Since the Industrial Revolution, employees disconnected the final product of labor, waste money because they lose sense of their value.
In another article (1) I commented that we can fall into poverty by not knowing how to manage our money.
Efficient reason not manage to know is not to know what those slips so well drawn (tickets). If you hardly know its practical method (a blue slip is equal to three liters of cow's milk, for example), we can hardly do a more sophisticated management.
In the article mentioned I commented how in casinos require punters to exchange his money for chips, thereby achieving the players lose, as rapidly as possible, the notion of heritage threatening to be lost (and won by the casino, of course!).
Something similar happens when we visited another country.
We can not assure you that the President acts as the owner of a casino favoring visitor confusion. Yet something similar happens when tourists, to travel the country to visit, must redeem the currency you brought (well known to him) for local currency (unfamiliar).
Tourists often spend more than they thought, among other reasons, because not accurately calculate how much of its economy means that foreign currency unaware.
Something similar happened with the Industrial Revolution in the 19th century occurred in Iglaterra that ended feudalism.
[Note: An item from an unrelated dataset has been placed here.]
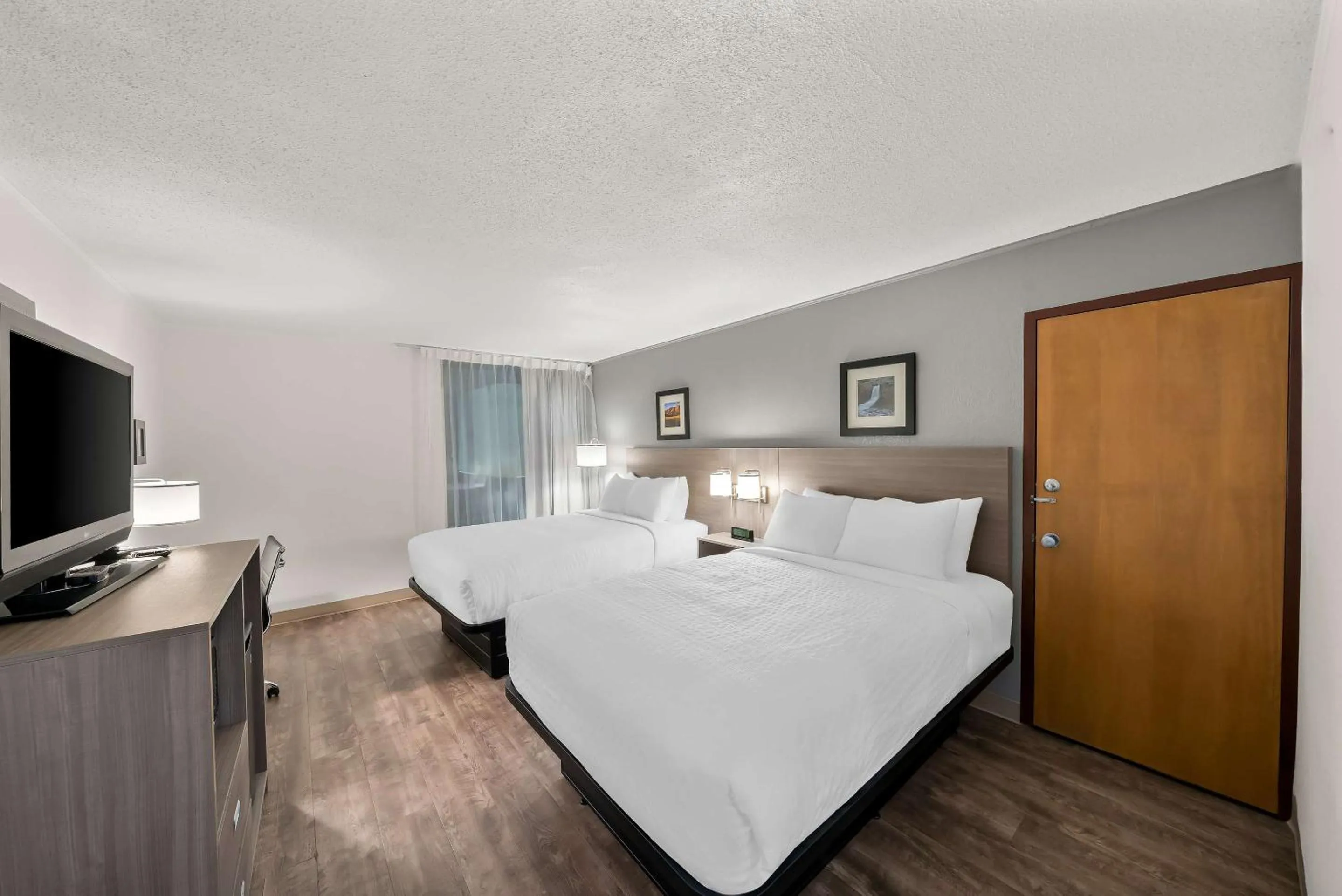 Bedroom, Bed in Clarion Inn & Suites and Convention Center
Machines replaced manufacturing (manu-facturing = made with hands) caused, among other phenomena, the workers lose touch with what they produced. They failed to understand that the money they earned was for the furniture, the tissue or utensil that had built.
Employees, to disengage from the final product of labor, waste money because they lose sense of their value.
Note: Original in Spanish (without translation by Google): La desvinculación con el dinero.